There’s no shame in your answers. They’re just information—revealing where your energy is going and why.

 

A New Practice: Return the Expectation


Not every expectation needs confrontation. Some just need clarity.

  • That pressure to respond immediately? Maybe no one actually needs that from you.

  • The unspoken rule that you have to show up for everything? Who decided that?

  • The feeling that you’re not allowed to rest? That’s an expectation built on fear, not fact.


When you identify one of these false agreements, try gently “returning” it—mentally, emotionally, or even out loud.
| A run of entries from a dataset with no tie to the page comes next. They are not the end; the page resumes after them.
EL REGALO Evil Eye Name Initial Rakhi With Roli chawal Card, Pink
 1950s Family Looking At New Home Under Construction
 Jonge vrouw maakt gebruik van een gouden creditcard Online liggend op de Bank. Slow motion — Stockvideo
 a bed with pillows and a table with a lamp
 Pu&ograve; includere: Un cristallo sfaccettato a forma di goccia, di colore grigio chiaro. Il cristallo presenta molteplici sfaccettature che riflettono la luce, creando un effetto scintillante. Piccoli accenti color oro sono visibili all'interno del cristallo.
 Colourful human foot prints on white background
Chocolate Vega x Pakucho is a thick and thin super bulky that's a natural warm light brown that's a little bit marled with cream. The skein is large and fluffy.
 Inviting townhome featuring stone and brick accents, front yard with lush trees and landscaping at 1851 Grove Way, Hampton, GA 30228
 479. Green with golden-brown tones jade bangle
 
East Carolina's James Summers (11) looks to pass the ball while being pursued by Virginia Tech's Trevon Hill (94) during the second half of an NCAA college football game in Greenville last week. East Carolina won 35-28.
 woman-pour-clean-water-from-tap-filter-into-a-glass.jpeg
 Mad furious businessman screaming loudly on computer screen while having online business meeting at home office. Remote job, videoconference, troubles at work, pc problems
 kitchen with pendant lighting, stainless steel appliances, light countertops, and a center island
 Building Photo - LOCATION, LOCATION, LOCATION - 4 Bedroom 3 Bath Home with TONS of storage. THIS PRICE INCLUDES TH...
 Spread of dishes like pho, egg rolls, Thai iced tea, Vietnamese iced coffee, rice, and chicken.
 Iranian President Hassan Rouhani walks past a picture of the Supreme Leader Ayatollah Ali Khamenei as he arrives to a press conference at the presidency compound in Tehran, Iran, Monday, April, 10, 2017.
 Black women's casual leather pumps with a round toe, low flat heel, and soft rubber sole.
“I release the belief that I have to always say yes to be a good leader.”“I return the pressure to carry everyone’s emotions as if they’re mine. “This is not mine to manage.”

 

Start Rewriting the Story


You can still be reliable, without being everyone’s safety net. You can still be kind, without being emotionally overextended. You can still be generous, without abandoning yourself in the process.


Rewriting the story means recognizing that:

  • Your worth is not in your output.

  • Your peace matters as much as anyone else’s.

  • Your boundaries don’t make you selfish—they make you sustainable.


This is the work of real maturity—not managing everyone else’s expectations, but honoring your own capacity.

 

Realignment in Action


Here’s what it looks like when you stop carrying what isn’t yours:

  • You say, “I trust you to handle that,” instead of stepping in.

  • You take longer to reply, without over-explaining or apologizing.

  • You decline with kindness instead of guilt.

  • You take your own needs seriously, without needing permission.

  • You stop editing yourself to stay palatable and start showing up as someone grounded and whole.


Does it feel uncomfortable at first? Absolutely. But it also creates something that’s been missing:


Space.

Space for rest. Space for honest relationships. Space to hear your own voice again. Space to build something that actually reflects you,

not just what others assumed you’d carry.

 

What You Do Carry Matters More

Here’s the beautiful part.


When you stop managing what isn’t yours, you make room to carry what actually matters:

  • Your creative fire

  • Your integrity

  • Your joy

  • Your vision

  • Your peace

  • Your deep “yes” to the work and relationships that fuel you


This isn’t about letting people down. It’s about lifting up what’s been buried underneath the weight of silent expectations.


You don’t need to be everything for everyone. You just need to be honest enough to know what’s truly yours—and free enough to set down the rest.